● **About this exercise**
Copy out each line of the data below in which "girls" appears.
--- --- ---
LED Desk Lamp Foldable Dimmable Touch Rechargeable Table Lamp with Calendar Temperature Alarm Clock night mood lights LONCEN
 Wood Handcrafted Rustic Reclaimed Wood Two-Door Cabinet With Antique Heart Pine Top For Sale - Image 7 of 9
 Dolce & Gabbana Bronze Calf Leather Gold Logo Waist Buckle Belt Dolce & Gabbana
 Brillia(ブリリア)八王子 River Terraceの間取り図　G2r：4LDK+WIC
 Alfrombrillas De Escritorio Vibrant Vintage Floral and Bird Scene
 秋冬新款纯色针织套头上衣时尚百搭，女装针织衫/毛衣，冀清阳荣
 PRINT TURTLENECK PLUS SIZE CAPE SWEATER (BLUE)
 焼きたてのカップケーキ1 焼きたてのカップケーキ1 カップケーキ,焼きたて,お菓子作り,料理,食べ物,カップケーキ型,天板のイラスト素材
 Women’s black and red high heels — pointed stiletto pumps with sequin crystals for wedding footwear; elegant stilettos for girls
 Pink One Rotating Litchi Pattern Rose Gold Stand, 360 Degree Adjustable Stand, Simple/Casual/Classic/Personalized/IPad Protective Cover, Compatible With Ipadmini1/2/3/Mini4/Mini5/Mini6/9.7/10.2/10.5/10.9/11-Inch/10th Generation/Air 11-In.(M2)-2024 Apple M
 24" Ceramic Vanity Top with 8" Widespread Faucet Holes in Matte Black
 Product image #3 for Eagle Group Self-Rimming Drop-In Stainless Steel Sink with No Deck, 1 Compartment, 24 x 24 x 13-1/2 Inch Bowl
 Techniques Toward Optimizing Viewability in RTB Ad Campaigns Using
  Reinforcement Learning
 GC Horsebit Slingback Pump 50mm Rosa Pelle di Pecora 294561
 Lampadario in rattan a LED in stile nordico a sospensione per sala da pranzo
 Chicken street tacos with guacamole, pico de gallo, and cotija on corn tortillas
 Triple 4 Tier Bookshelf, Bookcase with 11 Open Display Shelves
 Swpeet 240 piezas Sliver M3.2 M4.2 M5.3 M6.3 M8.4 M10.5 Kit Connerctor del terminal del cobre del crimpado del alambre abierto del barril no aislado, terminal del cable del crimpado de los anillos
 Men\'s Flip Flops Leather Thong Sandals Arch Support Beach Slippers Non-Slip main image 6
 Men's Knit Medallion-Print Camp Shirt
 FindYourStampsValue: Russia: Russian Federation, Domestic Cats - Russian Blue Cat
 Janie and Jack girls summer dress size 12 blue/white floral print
--- --- ---
● **Solution to this exercise**
 Women’s black and red high heels — pointed stiletto pumps with sequin crystals for wedding footwear; elegant stilettos for girls
 Janie and Jack girls summer dress size 12 blue/white floral print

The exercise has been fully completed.